Images are not wanted; transcribe the rest of the listing exactly.

Given data below:

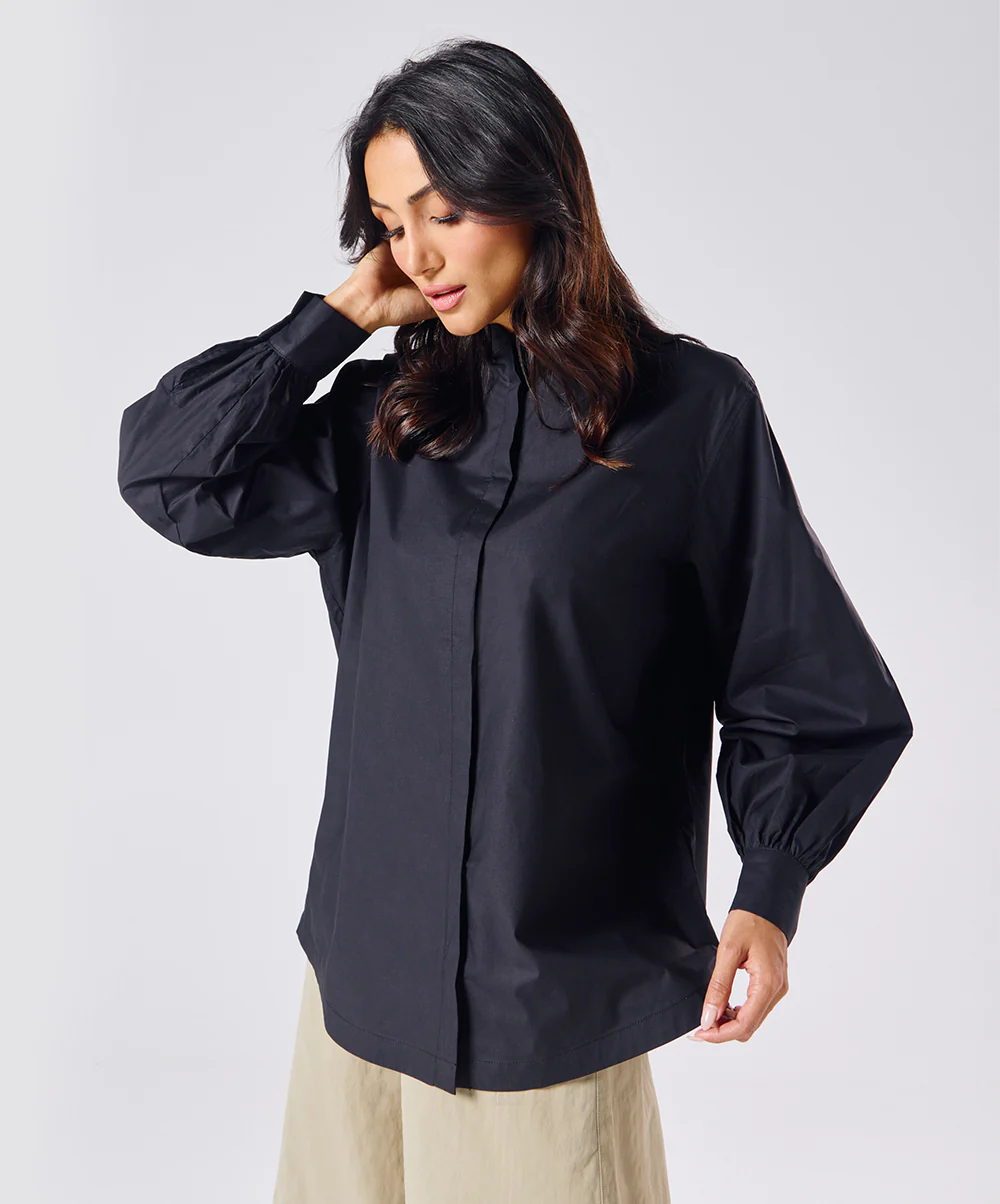 Mandarin Collar Cotton Oversized Shirt- Black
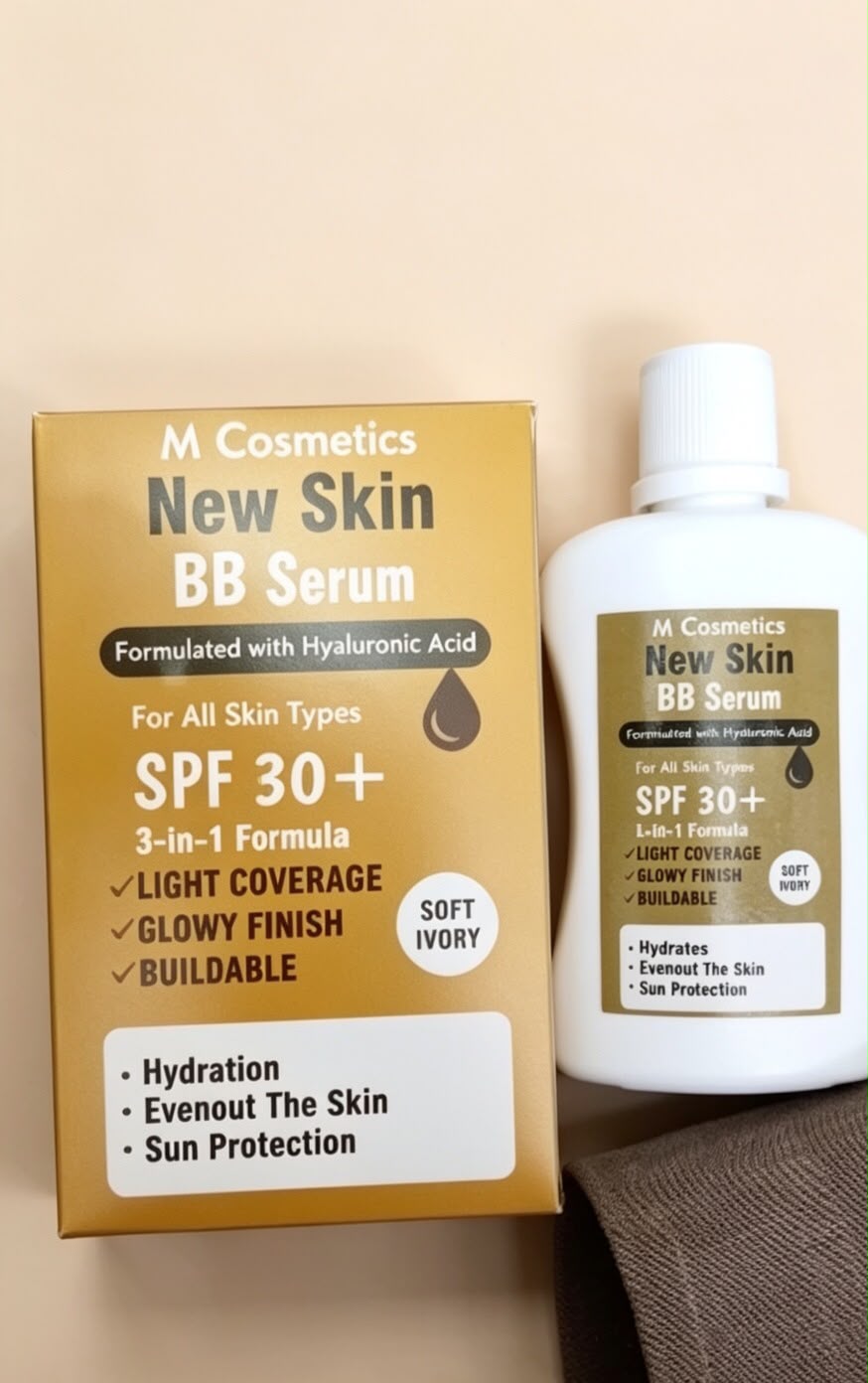 M Cosmetics New Skin BB Serum SPF 30+ | Hyaluronic Acid Infused, Soft Ivory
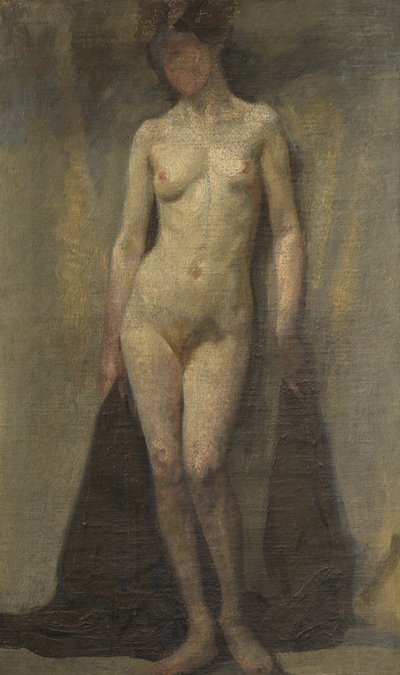 Stående kvinnlig naken (recto), ca 1910 (olja på duk) av Dora (attr. to) Carrington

End of Given data.

__Output below__
 Mandarin Collar Cotton Oversized Shirt- Black
 M Cosmetics New Skin BB Serum SPF 30+ | Hyaluronic Acid Infused, Soft Ivory
 Stående kvinnlig naken (recto), ca 1910 (olja på duk) av Dora (attr. to) Carrington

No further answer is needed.